Task description: All that is wanted is a word-for-word retyping of the lines from the one containing "this 350×262 image." through the end of the material below.
[[ Information given open ]]
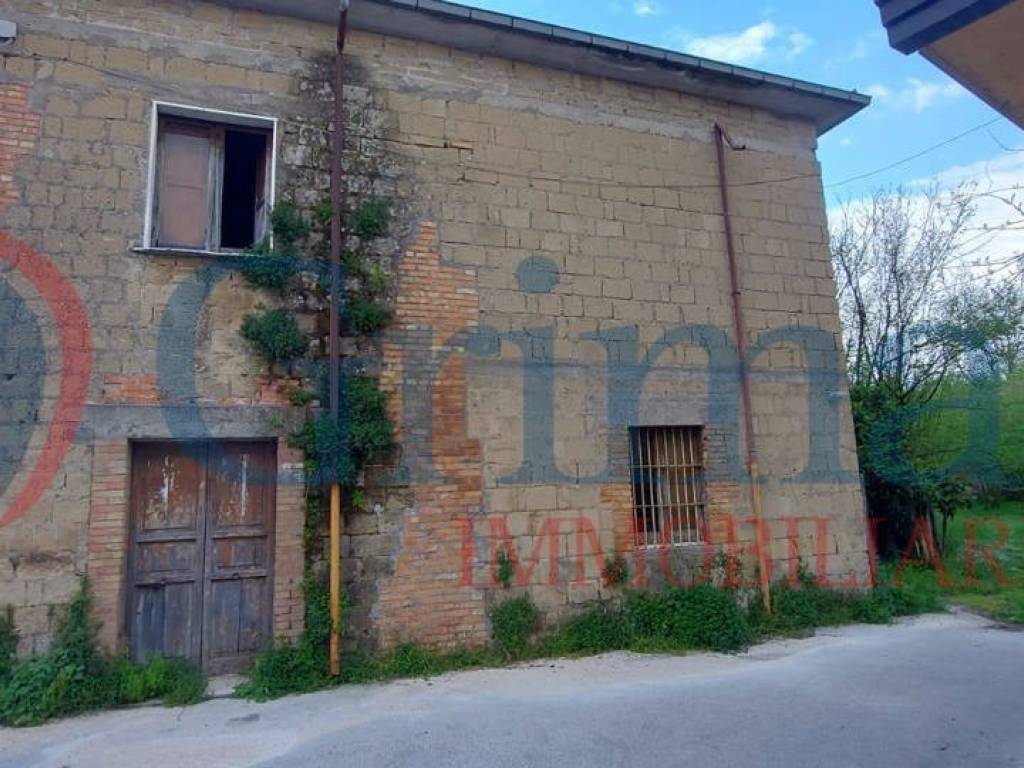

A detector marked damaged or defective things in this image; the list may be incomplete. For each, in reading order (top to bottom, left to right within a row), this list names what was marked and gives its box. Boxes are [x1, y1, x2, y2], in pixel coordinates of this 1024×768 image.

broken upper window [149, 110, 272, 252]
rusty drainpipe [330, 0, 350, 676]
broken upper window [628, 426, 708, 544]
rusty drainpipe [716, 121, 772, 612]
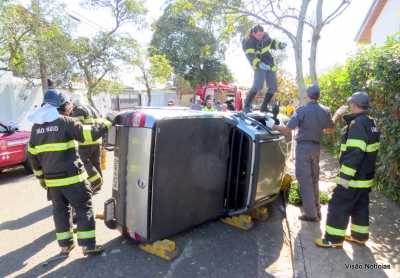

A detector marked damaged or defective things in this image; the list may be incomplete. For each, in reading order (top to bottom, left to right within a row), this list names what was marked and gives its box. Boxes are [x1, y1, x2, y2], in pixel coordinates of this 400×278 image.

overturned vehicle [103, 108, 290, 243]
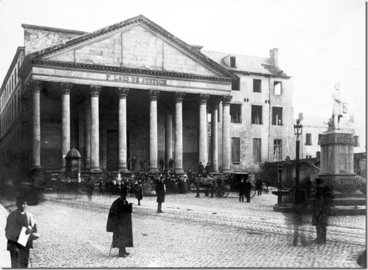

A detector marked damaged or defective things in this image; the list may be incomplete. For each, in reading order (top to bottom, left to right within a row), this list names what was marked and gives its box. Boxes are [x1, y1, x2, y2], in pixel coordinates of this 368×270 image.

damaged facade [0, 15, 294, 184]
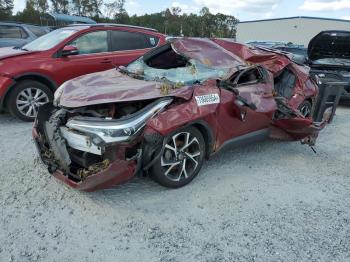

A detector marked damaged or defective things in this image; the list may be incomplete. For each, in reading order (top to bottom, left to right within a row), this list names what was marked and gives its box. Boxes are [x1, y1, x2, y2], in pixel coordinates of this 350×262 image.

crumpled hood [308, 30, 350, 61]
crumpled hood [59, 69, 196, 108]
shattered windshield [125, 57, 230, 85]
broken plastic trim [65, 97, 172, 144]
damaged red car [32, 37, 330, 191]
[[ Information given closed ]]
Finished exercise:
A detector marked damaged or defective things in this image; the list may be incomplete. For each, in reading order (top to bottom, left to right within a row), this list names what was marked and gives its box. Boxes are [x1, y1, x2, y2], in pixel coordinates of this 350×262 image.

crumpled hood [308, 30, 350, 61]
crumpled hood [59, 69, 196, 108]
shattered windshield [125, 57, 230, 85]
broken plastic trim [65, 97, 172, 144]
damaged red car [32, 37, 330, 191]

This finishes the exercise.